> **Exercise aim**
Please retype the records below exactly as they appear, but leave out the pictures.

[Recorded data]
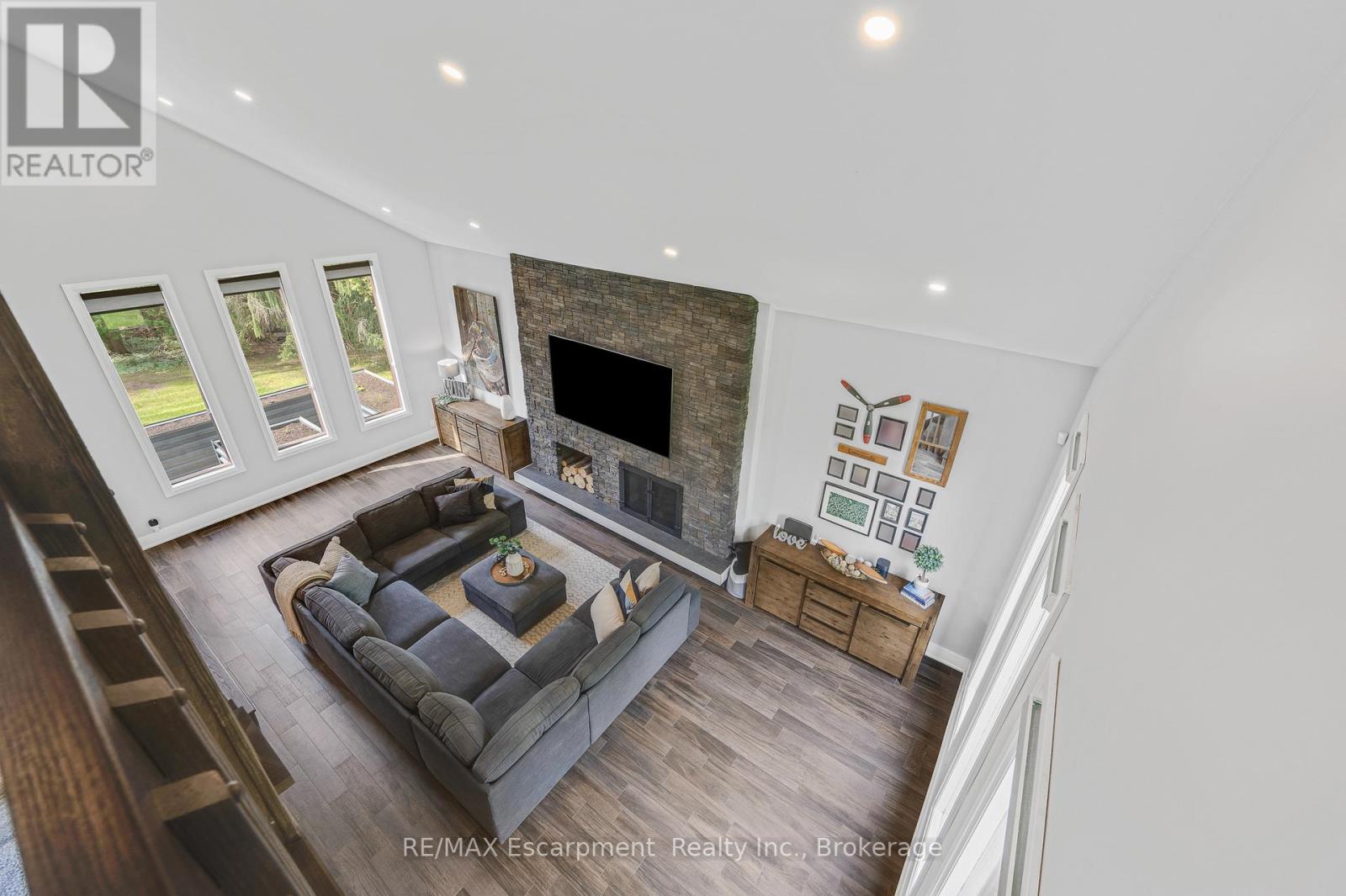 2092 Highway 6 Property Photo 17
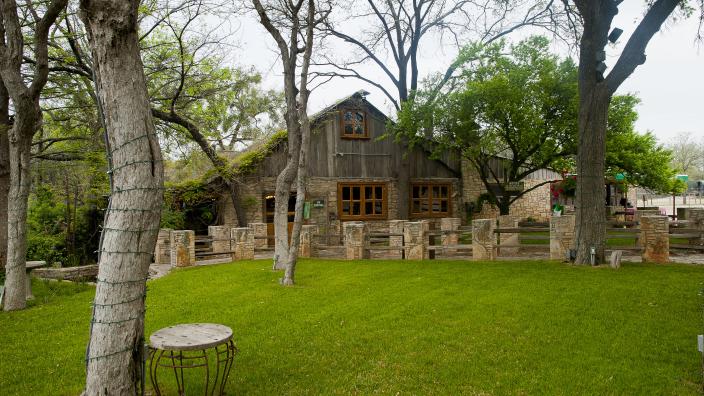 Salt Lick Exterior Photo by Kenny Braun 2702AAAB F3BD 8C85 5FDAEE5E267BD764 2702a9999f934ed 2702aaff a1a1 5cfa b6d58bdab52b7c48 Austin Portrait Photography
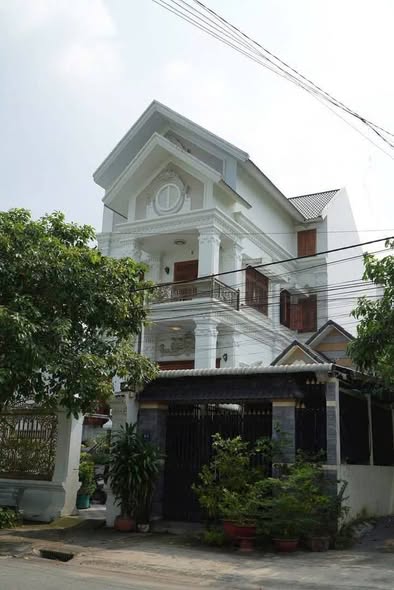 Nhà phố Phú Tân Thủ Dầu Một 262m² giá 12 tỷ - Tặng full nội thất cao cấp!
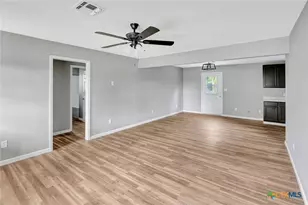 2005 Navidad St, Victoria, TX 77901 - Photo 4
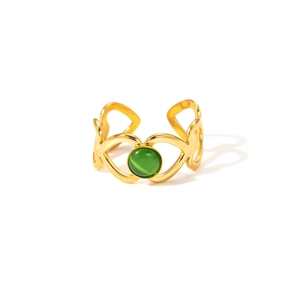 Détail d'une bague plaquée or 18k avec pierre verte et motif coeur ajouré élégant
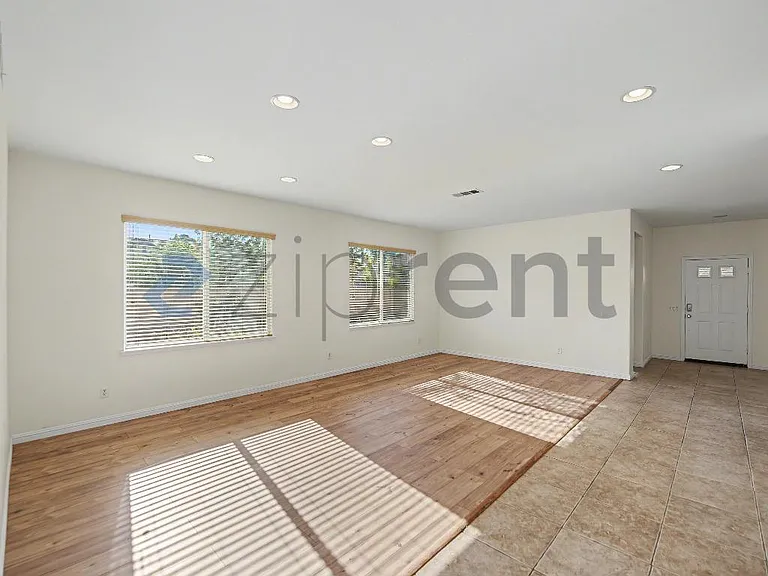 25014 Oliver Way — Photo 15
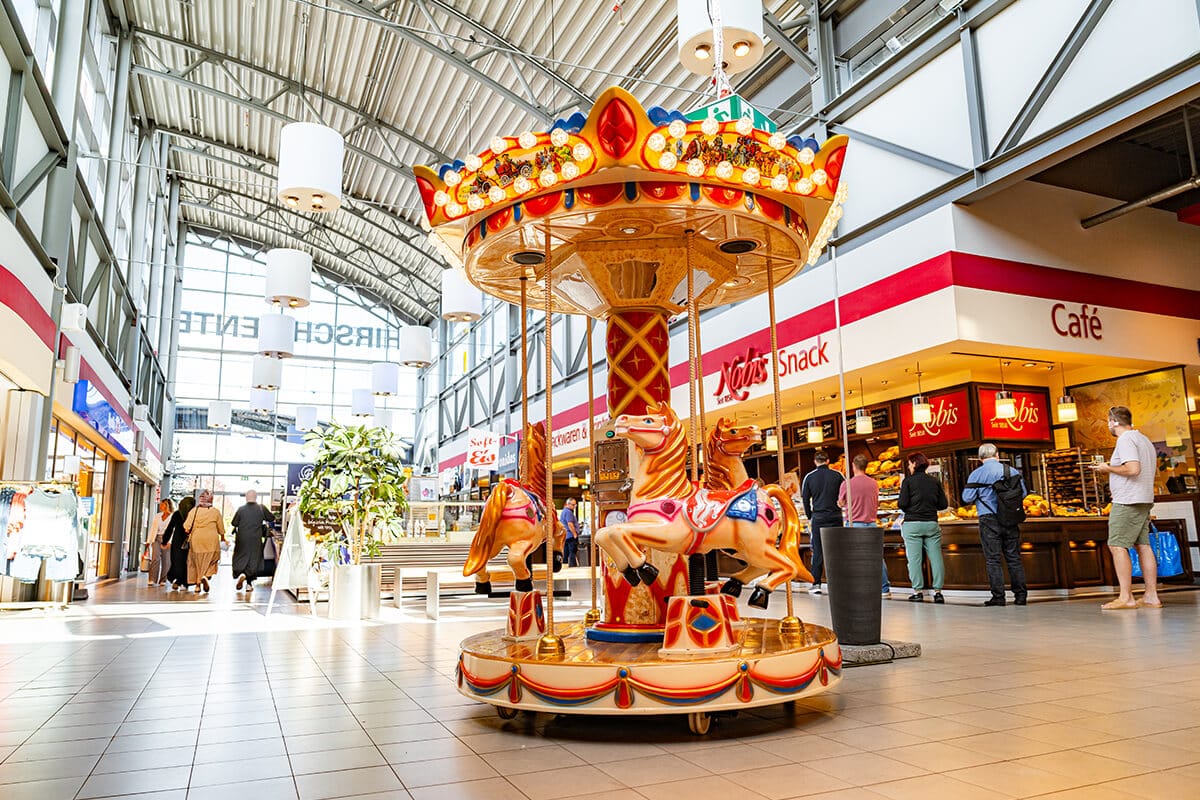 Kinderkarussell mit bemalten Holzpferden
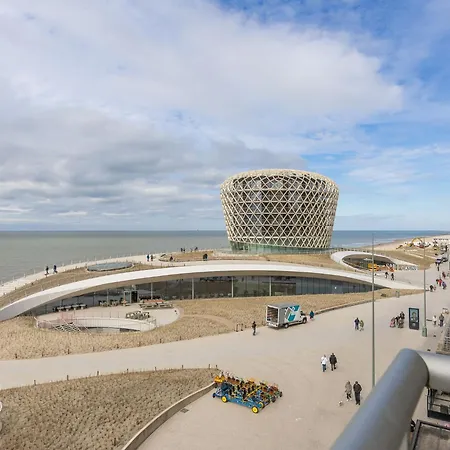 Апартаменты Modern On The Seafront *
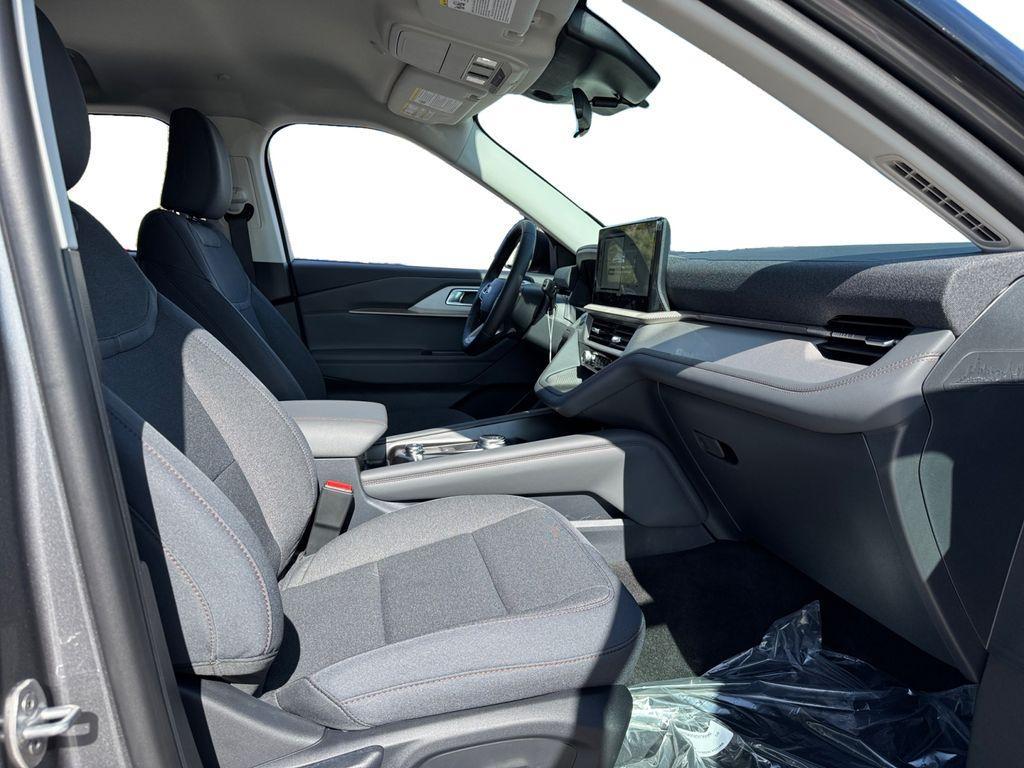 new 2025 Ford Explorer car, priced at $41,945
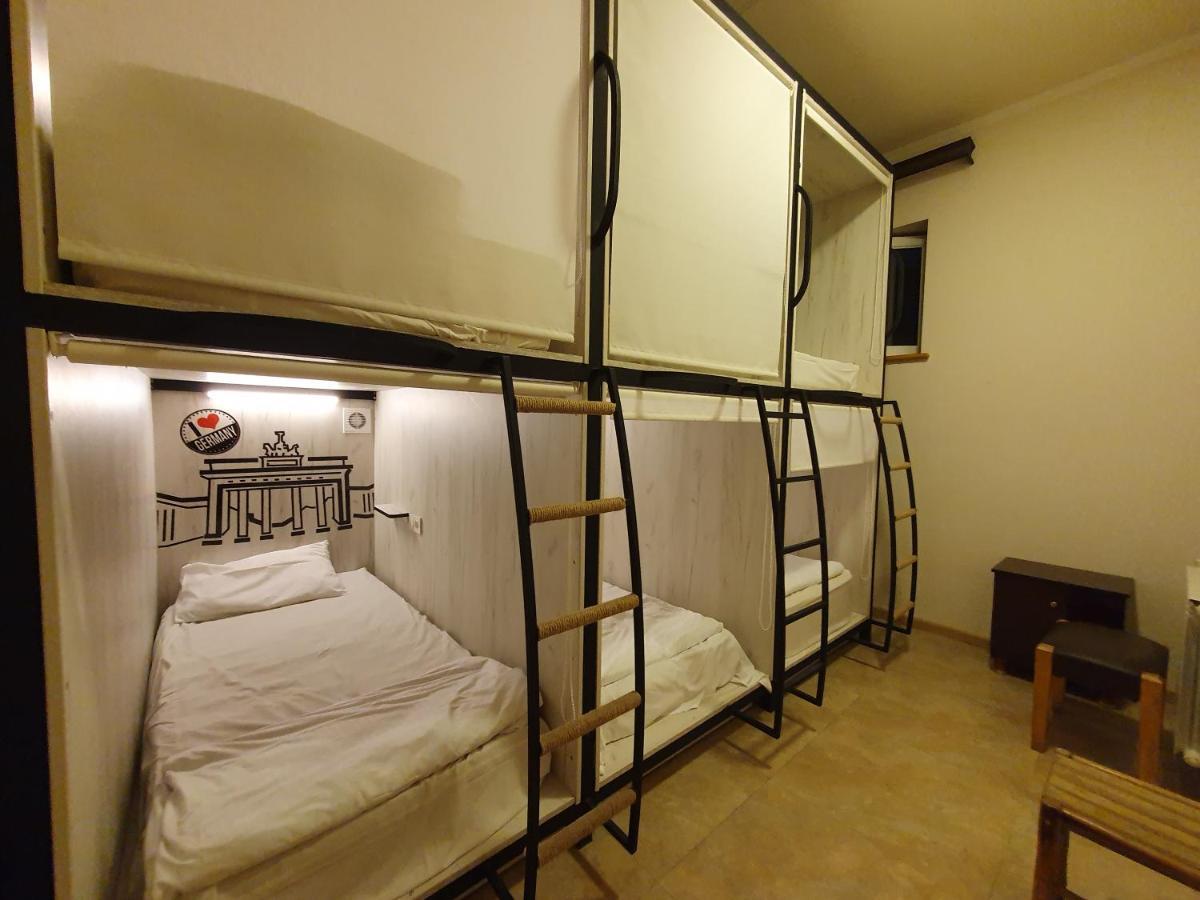 Capsule Hostel In The Old City Of Ереван Экстерьер фото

> **Answer area**
 2092 Highway 6 Property Photo 17
 Salt Lick Exterior Photo by Kenny Braun 2702AAAB F3BD 8C85 5FDAEE5E267BD764 2702a9999f934ed 2702aaff a1a1 5cfa b6d58bdab52b7c48 Austin Portrait Photography
 Nhà phố Phú Tân Thủ Dầu Một 262m² giá 12 tỷ - Tặng full nội thất cao cấp!
 2005 Navidad St, Victoria, TX 77901 - Photo 4
 Détail d'une bague plaquée or 18k avec pierre verte et motif coeur ajouré élégant
 25014 Oliver Way — Photo 15
 Kinderkarussell mit bemalten Holzpferden
 Апартаменты Modern On The Seafront *
 new 2025 Ford Explorer car, priced at $41,945
 Capsule Hostel In The Old City Of Ереван Экстерьер фото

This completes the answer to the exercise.